▶ [EXERCISE BRIEF]
All of the data that follows should be given again exactly, without its images.

▶ [MATERIAL PROVIDED]
⁂

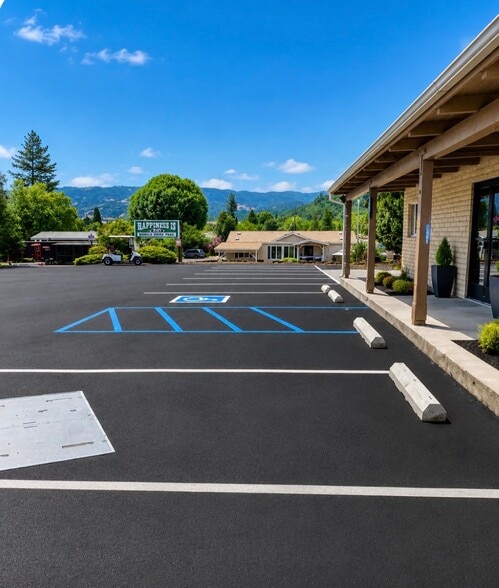 311 Lake Mendocino Dr, Ukiah, CA for lease - Building Photo - Image 2 of 10
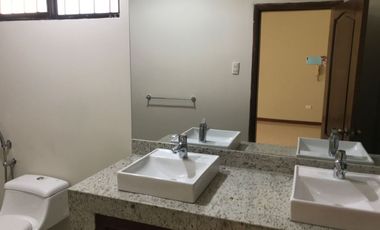 Alquilo amplio departamento Samborondon primeros kilometros planta baja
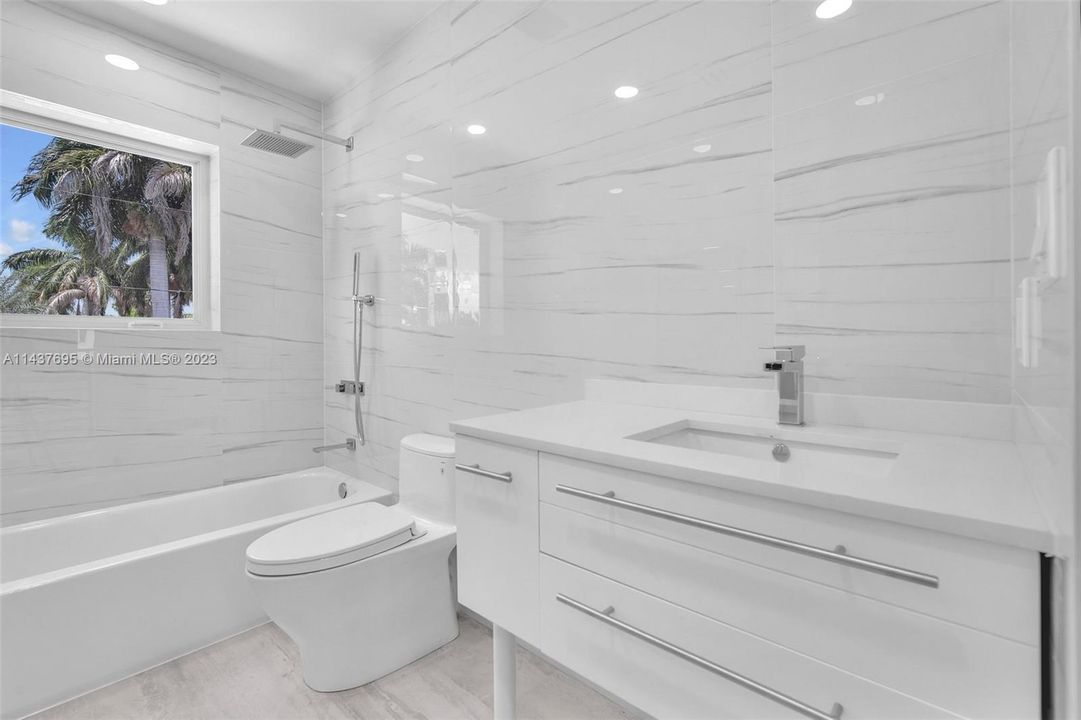 Недавно продано: $2,345,000 (5 спален, 5 ванн, 3676 Квадратных фут)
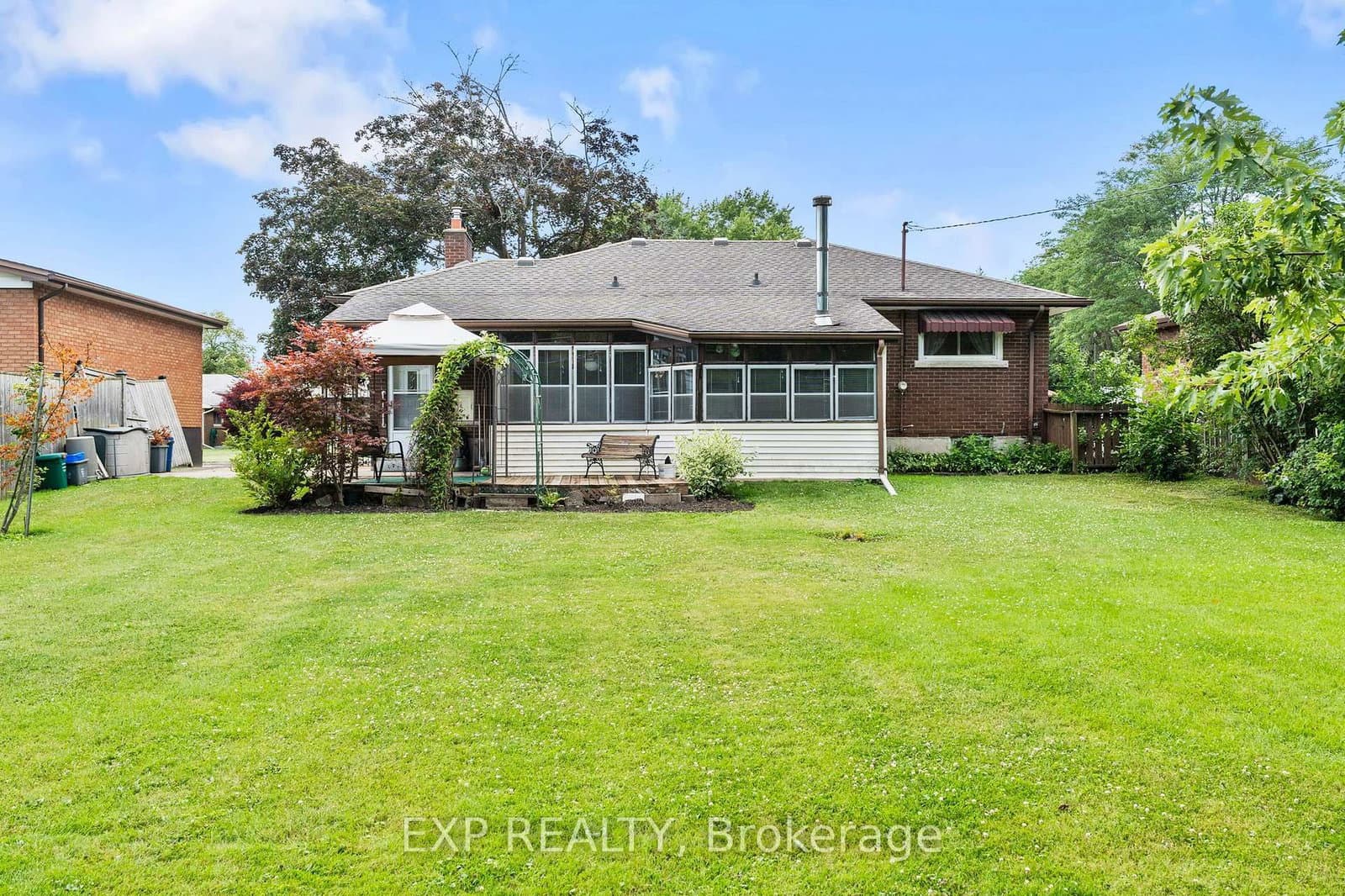 8800 Champlain Drive thumbnail 41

⁂

▶ [EXERCISE ANSWER]
 311 Lake Mendocino Dr, Ukiah, CA for lease - Building Photo - Image 2 of 10
 Alquilo amplio departamento Samborondon primeros kilometros planta baja
 Недавно продано: $2,345,000 (5 спален, 5 ванн, 3676 Квадратных фут)
 8800 Champlain Drive thumbnail 41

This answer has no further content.